> [Records provided]:
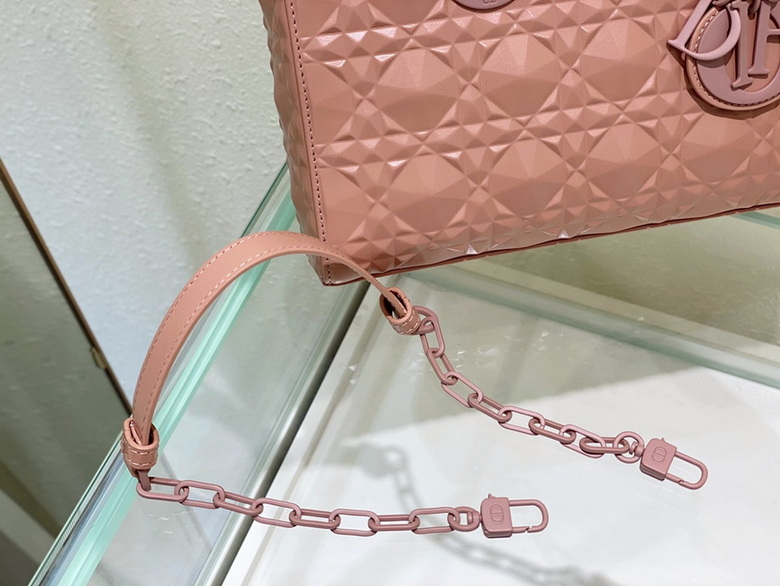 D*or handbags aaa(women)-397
* * *
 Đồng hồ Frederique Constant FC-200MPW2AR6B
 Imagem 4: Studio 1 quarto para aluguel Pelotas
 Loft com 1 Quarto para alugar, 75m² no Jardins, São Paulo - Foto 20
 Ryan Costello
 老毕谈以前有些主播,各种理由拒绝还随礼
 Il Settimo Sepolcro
==
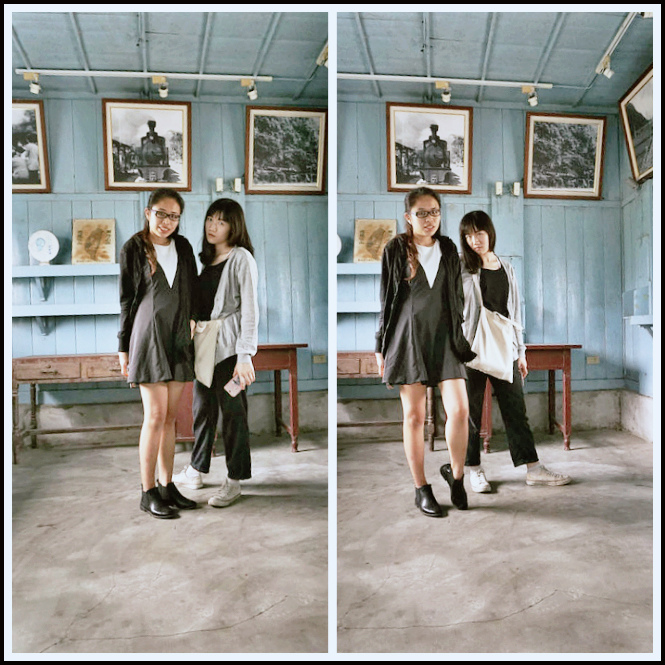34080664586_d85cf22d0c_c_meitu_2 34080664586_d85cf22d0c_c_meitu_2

> [Task requirements]: Quote the data above from the line containing "Đồng hồ Frederique Constant FC-200MPW2AR6B" to the line containing "Il Settimo Sepolcro", inclusive, and stop.

> [Exercise result]:
 Đồng hồ Frederique Constant FC-200MPW2AR6B
 Imagem 4: Studio 1 quarto para aluguel Pelotas
 Loft com 1 Quarto para alugar, 75m² no Jardins, São Paulo - Foto 20
 Ryan Costello
 老毕谈以前有些主播,各种理由拒绝还随礼
 Il Settimo Sepolcro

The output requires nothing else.